## Task brief
Using the listing below, show all lines that hold the word "necklace".

## Records for the task

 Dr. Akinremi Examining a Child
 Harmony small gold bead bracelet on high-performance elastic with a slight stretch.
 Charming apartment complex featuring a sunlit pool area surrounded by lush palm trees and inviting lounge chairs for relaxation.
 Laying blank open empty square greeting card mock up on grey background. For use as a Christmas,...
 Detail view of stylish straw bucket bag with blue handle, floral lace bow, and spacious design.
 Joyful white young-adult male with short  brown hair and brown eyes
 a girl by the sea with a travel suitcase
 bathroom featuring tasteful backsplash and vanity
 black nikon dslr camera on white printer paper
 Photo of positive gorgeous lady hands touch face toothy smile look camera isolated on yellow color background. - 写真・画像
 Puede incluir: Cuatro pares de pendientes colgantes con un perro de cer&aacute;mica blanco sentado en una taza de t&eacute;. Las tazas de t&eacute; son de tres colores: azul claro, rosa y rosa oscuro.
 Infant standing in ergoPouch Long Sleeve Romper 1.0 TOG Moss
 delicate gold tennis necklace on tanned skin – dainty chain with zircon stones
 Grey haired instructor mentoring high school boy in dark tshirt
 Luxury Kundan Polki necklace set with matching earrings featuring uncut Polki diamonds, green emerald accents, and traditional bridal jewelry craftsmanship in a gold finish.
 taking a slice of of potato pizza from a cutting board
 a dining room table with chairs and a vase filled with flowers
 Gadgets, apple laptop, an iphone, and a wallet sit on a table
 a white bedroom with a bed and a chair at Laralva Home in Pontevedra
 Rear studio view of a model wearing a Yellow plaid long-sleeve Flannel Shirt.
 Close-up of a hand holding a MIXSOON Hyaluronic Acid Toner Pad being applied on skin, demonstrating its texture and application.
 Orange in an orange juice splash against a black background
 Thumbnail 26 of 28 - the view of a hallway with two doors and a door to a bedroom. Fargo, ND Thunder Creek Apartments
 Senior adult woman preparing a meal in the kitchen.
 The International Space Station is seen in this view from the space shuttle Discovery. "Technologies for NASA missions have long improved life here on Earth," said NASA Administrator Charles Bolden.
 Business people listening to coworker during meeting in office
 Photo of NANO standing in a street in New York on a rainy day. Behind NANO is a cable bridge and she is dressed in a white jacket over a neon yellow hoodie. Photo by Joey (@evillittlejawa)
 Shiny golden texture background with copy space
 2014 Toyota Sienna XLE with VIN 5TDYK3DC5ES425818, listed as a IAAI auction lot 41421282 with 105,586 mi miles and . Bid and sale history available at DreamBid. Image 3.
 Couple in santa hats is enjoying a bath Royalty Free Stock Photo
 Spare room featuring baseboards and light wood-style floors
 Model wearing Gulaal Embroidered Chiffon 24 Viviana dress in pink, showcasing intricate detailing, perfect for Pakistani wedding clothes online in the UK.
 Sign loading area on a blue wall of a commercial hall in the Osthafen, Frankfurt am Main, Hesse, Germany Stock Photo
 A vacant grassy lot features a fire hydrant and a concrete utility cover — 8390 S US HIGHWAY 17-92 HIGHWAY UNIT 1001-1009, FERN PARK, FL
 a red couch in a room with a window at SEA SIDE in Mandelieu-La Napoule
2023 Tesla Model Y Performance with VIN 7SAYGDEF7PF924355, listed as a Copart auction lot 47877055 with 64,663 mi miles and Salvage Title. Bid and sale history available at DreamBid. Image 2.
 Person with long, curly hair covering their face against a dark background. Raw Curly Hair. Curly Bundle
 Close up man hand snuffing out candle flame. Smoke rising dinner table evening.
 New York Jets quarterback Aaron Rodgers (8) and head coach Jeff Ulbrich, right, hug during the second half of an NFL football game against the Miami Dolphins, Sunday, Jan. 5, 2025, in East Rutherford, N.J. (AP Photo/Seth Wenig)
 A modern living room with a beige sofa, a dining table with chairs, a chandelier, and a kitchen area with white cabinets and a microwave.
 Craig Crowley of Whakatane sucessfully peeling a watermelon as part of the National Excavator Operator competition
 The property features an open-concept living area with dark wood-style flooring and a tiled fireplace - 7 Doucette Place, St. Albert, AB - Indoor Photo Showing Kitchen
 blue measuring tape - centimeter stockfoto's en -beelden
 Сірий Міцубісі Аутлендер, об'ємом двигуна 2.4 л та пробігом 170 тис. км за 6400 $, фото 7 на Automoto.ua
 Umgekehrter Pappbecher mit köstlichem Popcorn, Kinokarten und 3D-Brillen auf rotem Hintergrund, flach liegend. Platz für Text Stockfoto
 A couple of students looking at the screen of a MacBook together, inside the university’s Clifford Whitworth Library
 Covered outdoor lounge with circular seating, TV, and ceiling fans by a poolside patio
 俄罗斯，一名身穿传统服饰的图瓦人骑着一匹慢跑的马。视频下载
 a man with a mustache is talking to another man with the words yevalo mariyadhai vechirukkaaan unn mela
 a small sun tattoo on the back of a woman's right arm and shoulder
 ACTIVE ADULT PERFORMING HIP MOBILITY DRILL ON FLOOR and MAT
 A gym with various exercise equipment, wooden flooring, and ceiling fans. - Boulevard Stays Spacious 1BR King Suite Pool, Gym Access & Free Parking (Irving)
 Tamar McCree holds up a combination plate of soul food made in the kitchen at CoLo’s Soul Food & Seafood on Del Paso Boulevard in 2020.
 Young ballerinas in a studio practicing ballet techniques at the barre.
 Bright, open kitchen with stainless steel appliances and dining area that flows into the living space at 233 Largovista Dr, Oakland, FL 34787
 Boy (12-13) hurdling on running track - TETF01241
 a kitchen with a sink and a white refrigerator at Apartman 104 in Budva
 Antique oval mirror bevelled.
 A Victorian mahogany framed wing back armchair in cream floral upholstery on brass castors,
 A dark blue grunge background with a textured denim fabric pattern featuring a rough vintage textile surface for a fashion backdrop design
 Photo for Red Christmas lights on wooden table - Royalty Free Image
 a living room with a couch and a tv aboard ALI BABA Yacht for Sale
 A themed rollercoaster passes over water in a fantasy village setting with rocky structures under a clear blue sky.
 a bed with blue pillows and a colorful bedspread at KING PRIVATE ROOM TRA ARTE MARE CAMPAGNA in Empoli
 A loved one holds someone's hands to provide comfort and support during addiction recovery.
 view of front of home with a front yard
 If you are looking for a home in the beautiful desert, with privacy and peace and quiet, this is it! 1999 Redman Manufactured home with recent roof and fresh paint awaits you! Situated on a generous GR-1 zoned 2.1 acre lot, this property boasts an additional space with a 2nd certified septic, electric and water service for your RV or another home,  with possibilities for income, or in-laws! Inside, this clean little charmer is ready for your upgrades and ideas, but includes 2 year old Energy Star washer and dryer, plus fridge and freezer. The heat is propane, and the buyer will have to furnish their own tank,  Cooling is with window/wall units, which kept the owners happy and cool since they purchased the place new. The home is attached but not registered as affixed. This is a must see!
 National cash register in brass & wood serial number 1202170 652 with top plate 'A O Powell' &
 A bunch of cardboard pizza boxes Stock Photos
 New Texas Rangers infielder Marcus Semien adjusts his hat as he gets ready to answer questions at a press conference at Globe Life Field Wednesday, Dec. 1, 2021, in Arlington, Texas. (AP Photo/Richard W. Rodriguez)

## Task solution
 delicate gold tennis necklace on tanned skin – dainty chain with zircon stones
 Luxury Kundan Polki necklace set with matching earrings featuring uncut Polki diamonds, green emerald accents, and traditional bridal jewelry craftsmanship in a gold finish.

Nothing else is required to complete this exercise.